§ **WORK REQUEST**: With the pictures left out, please write out exactly each line from the one containing "Marque-Page Chat avec fleurs" through the end of the material.

§ **EXERCISE DATA**:
──────────────────────────────

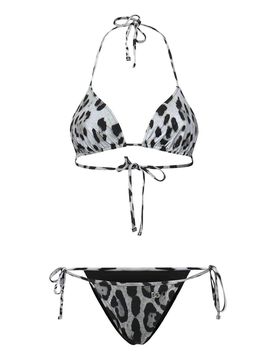 Set bikini con stampa leopardata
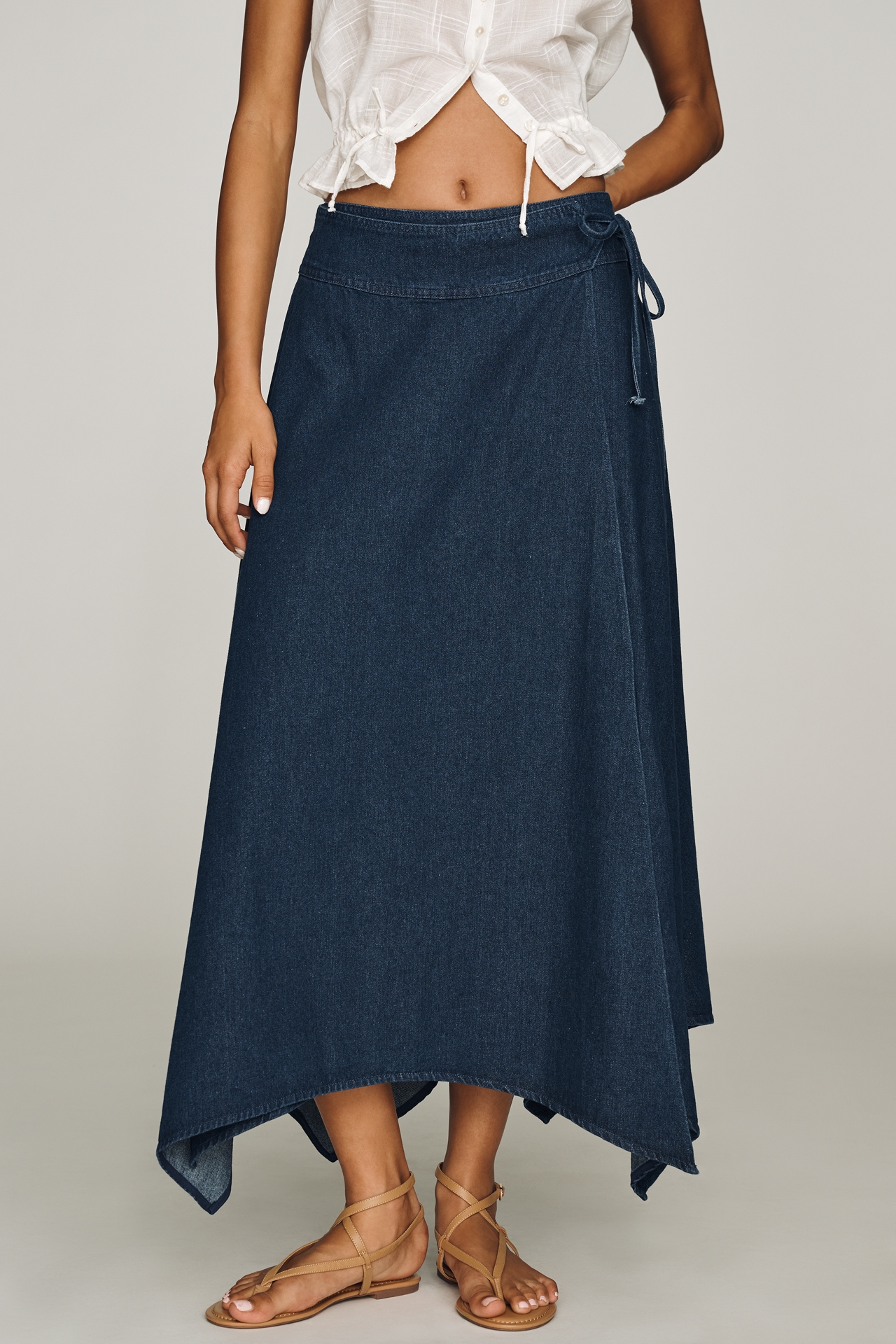 NIA Asymmetrical Denim Midi Skirt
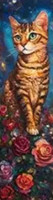 Marque-Page Chat avec fleurs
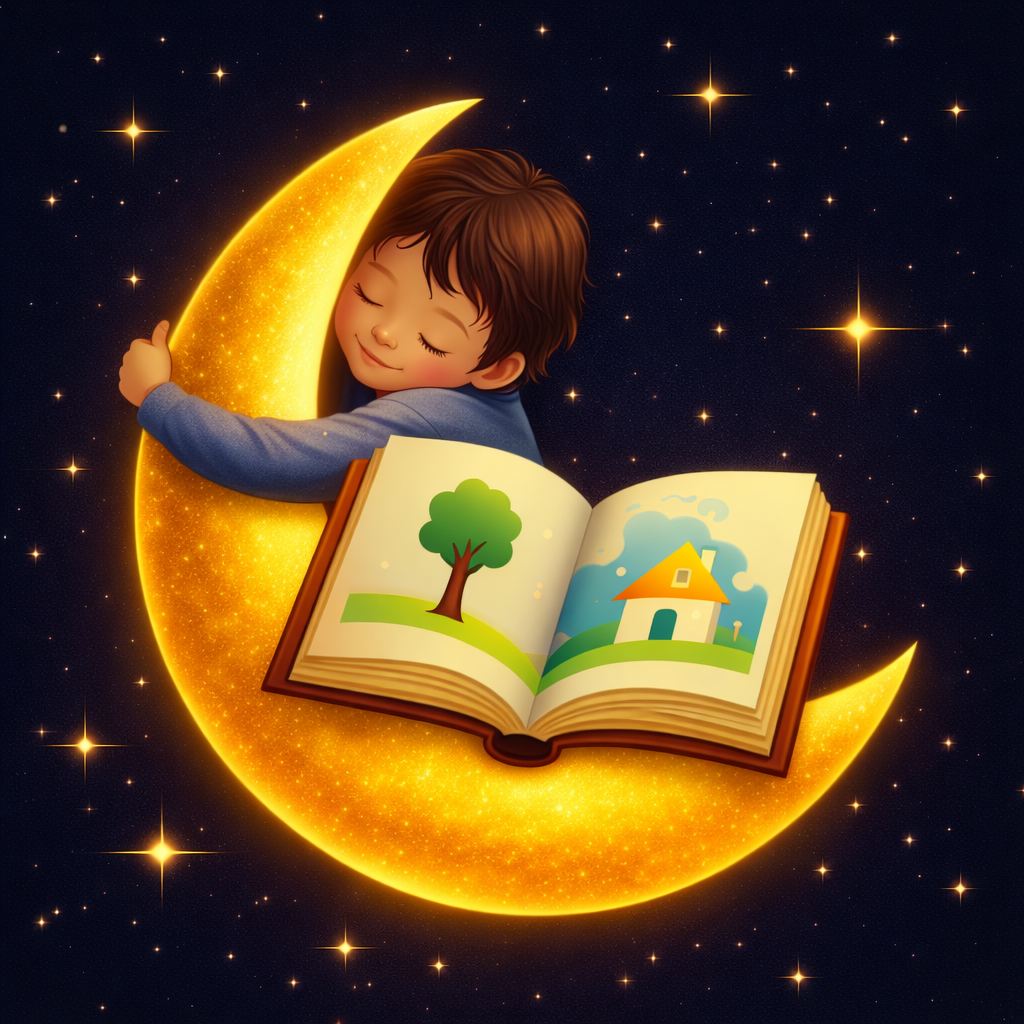 A child cuddling the moon with an open storybook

──────────────────────────────

§ **SOLUTION**:
 Marque-Page Chat avec fleurs
 A child cuddling the moon with an open storybook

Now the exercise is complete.